- _MATERIAL FOR THIS EXERCISE_
== Segment start ==

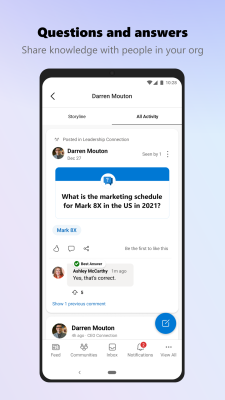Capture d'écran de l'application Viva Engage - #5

== Segment end ==
== Segment start ==

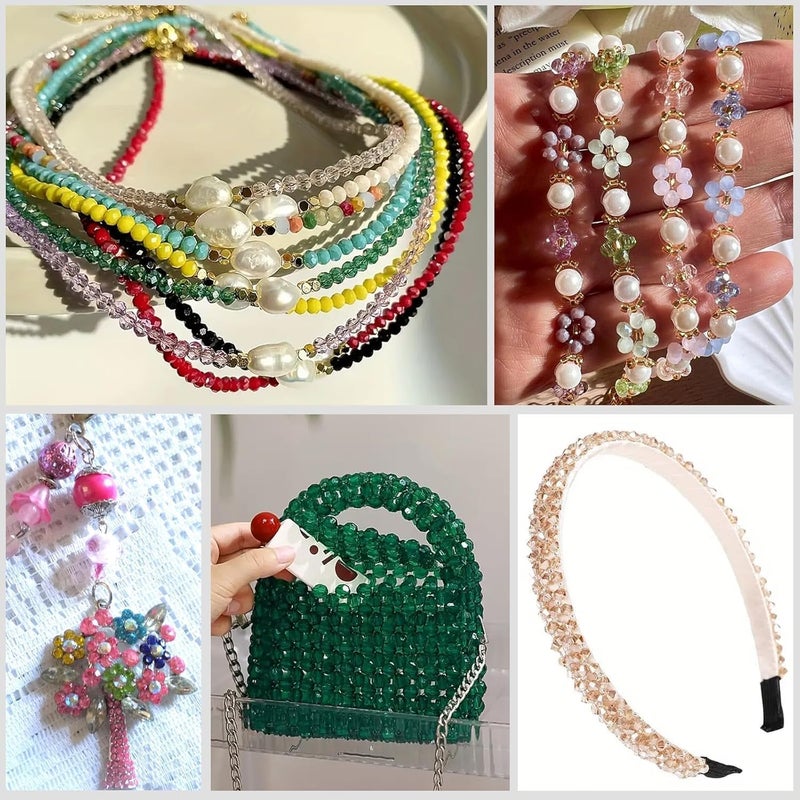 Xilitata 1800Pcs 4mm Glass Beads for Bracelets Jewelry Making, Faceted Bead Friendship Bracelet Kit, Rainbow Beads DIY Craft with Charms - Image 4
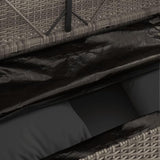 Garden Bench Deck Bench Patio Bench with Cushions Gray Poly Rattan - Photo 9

== Segment end ==

Give back the exact lines above, running from the one that has "Xilitata 1800Pcs 4mm" through the one that has "Garden Bench Deck", with nothing added and no pictures.

 Xilitata 1800Pcs 4mm Glass Beads for Bracelets Jewelry Making, Faceted Bead Friendship Bracelet Kit, Rainbow Beads DIY Craft with Charms - Image 4
 Garden Bench Deck Bench Patio Bench with Cushions Gray Poly Rattan - Photo 9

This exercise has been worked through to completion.